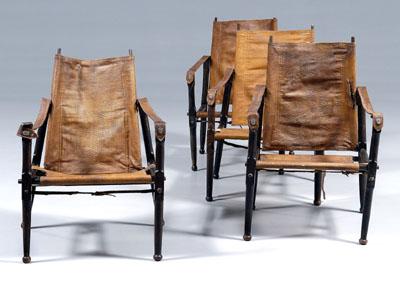 Appraisal: Set of four Klint safari chairs stained elm and leather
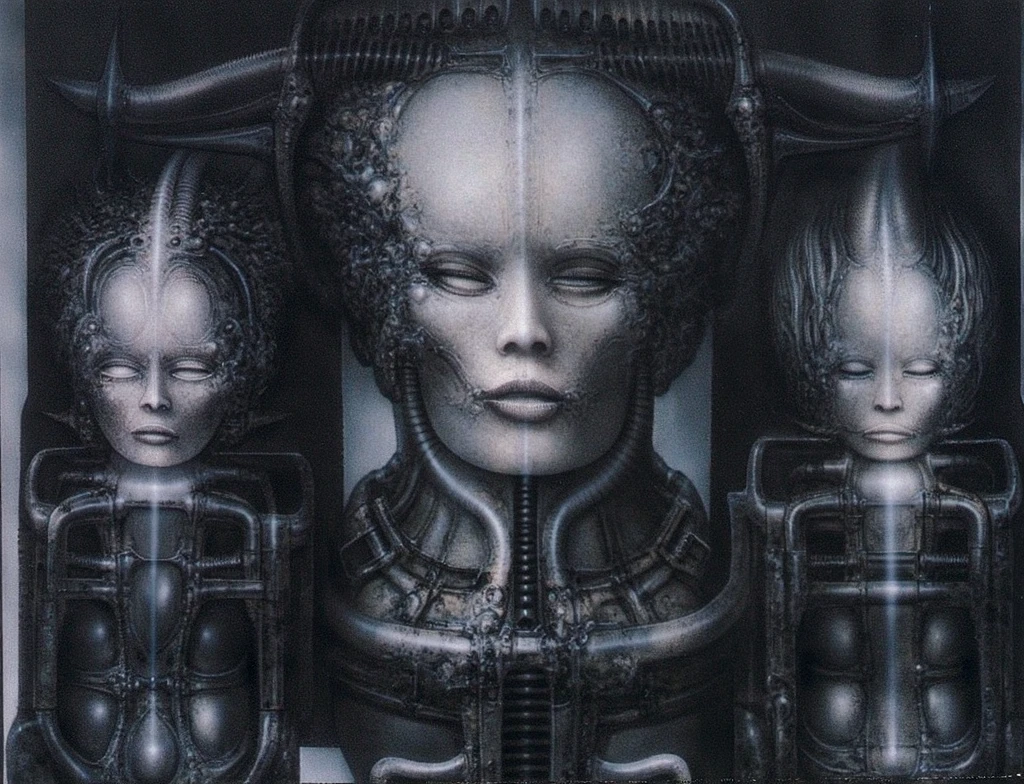 by hajime sorayama, ((masterpiece)), ((realistic)), (best quality:1.2), a painting of a robot sitting on a pile of skulls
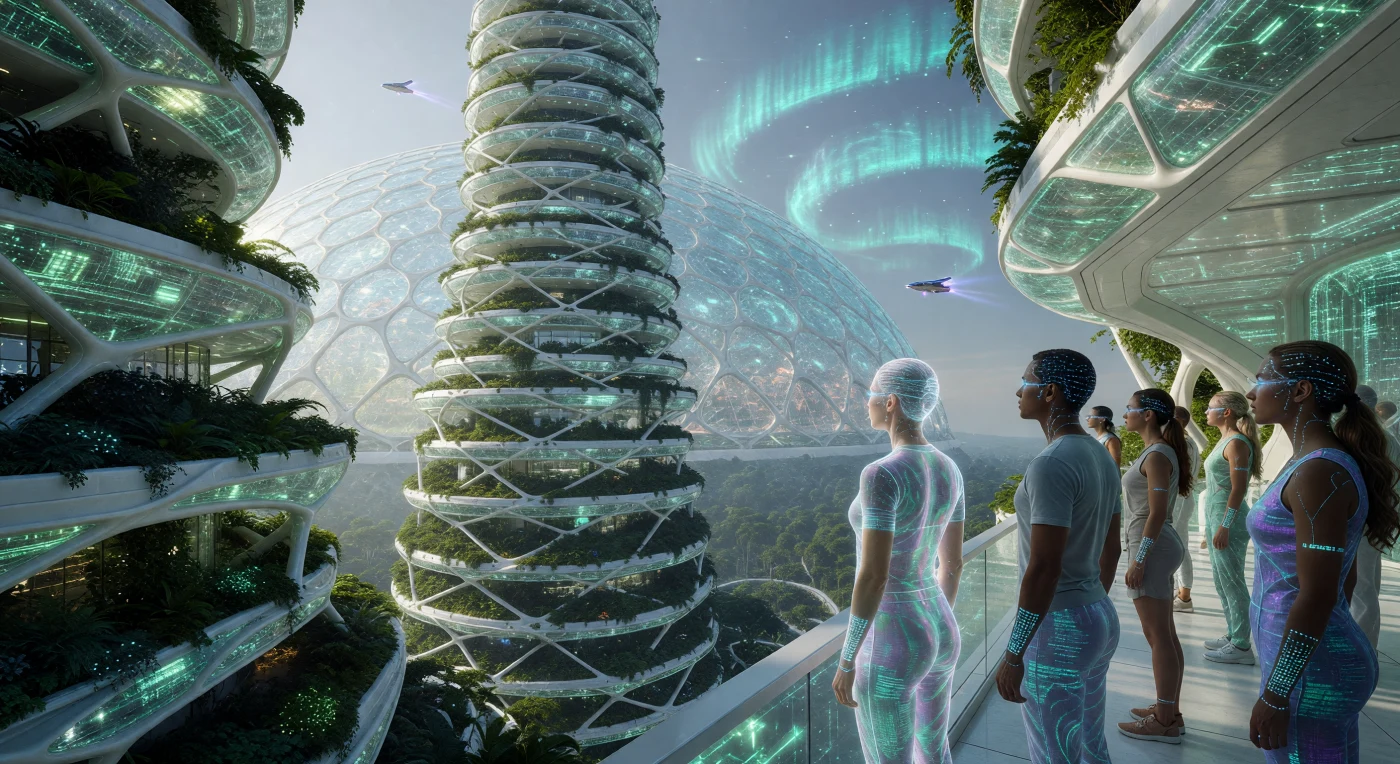 In this 24th-century vista from the Great Divergence (c. 2350 CE), a massive Vertical Forest Arcology constructed of white graphene and synthetic photosynthetic glass rises three kilometers into a climate-controlled atmosphere. The scene depicts *Homo augmentus* residents whose subcutaneous cortical meshes allow for silent, instantaneous data exchange, standing alongside a prismatic "Hard-Light" holographic projection of a digital entity. Above, Ion-Drift Skiffs navigate through iridescent cyan data-auroras, illustrating a Type I.V civilization where biological evolution and planetary-scale engineering have become indistinguishable.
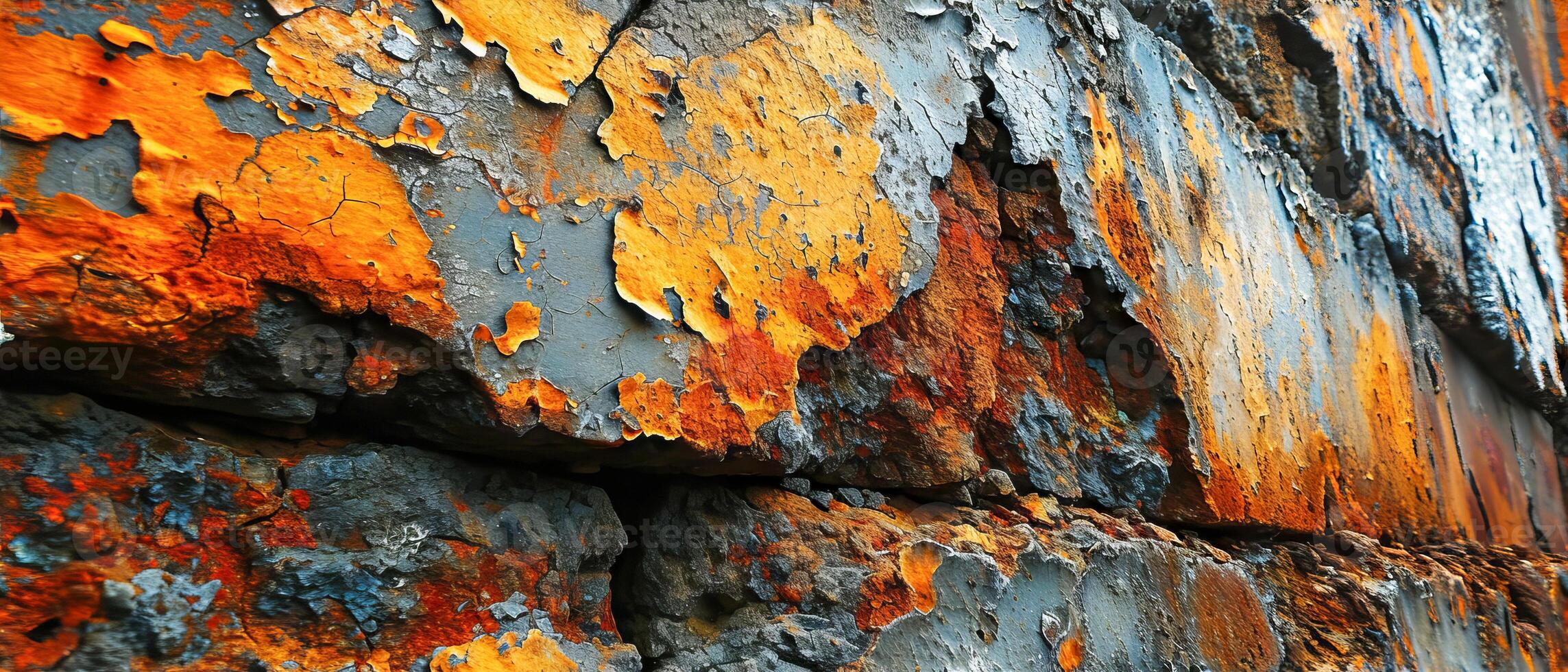 AI generated A high-resolution image showcasing the colorful, abstract patterns of corrosion on metal with textured detail photo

* _What is needed_: Only lines belong in the copy: transcribe those from the start of the data through the line that contains "by hajime sorayama, ((masterpiece)), ((realistic)), (best", and skip the pictures.

* _Solved problem_:
 Appraisal: Set of four Klint safari chairs stained elm and leather
 by hajime sorayama, ((masterpiece)), ((realistic)), (best quality:1.2), a painting of a robot sitting on a pile of skulls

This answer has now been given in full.